# Need Help on Wine Rack Plans



## Ryan2383 (Oct 8, 2014)

Hello, I found the following wine rack through an image search and am trying to develop plans for it.

The site says the rack is about 8" wide and 3' long.

1. What size board would you use for the back? I was thinking either a 1x8 or 1x12?

2. What size for the shelves? 2x4 or 2x6?










Thanks!


----------



## Maylar (Sep 3, 2013)

A 1x8 will be 7-1/2" wide which should be OK. 2x4 would be OK for shelves, assuming the thing is attached to a wall. If it's free standing I would do 2x6 or bigger otherwise it'll be tippy. I assume that the other side has more shelves?


----------



## Black540i (Jan 4, 2013)

A 1x8 is 7-1/4", not 7-1/2. That entire project was done with a 1x8. The weight of the bottles will keep it balanced, unless your floor is really crooked. 
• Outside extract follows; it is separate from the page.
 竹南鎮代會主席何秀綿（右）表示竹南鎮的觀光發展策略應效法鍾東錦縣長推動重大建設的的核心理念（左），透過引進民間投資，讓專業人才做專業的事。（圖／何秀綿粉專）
Sent from my SAMSUNG-SM-G900A using woodworkingtalk.com mobile app


----------



## Ryan2383 (Oct 8, 2014)

Thanks for your reply. It would be attached to the wall, so I think the 2x4 will work. I need a 1" hole for the neck of the bottle so that should leave enough space on either side for screws.


----------



## FrankC (Aug 24, 2012)

I just measured a wine bottle that was sitting here and the wide part is just over 9" high so I am guessing the base board is a 1 X 10. It only shows 1 bottle in the rack, which doesn't give that good of an idea of how much room is required for the bottle to fit in shelf below, 1 X 8 would likely be too tight.


----------



## Ryan2383 (Oct 8, 2014)

Here is another version of the same design. It looks a little narrower, but shows how the bottles fit around each other. I am curious how to plan the cuts. My idea is to measure down every 6" and just place the 2x4 on the board to find the length. Is there a better way of figuring out the length of the cut? This is one of my first projects.


----------



## GeorgeC (Jul 30, 2008)

If the site says the vertical board is 8" wide then why do you not believe them. The zig,zag pieces are NOT 2x4. I am sure they are the same 3/4" board as the back. A 2x4 would not look balanced.

George


----------



## FrankC (Aug 24, 2012)

To get an actual 8" wide board you would start with a 1x10, I would build one out of cheap 3/4" plywood to play around with before cutting up good material. Looks like the actual racks are 3/4" thick material not 1 1/2".


----------



## Chamfer (Sep 6, 2014)

Like has been said, thats all 3/4" material, nothing 2x. 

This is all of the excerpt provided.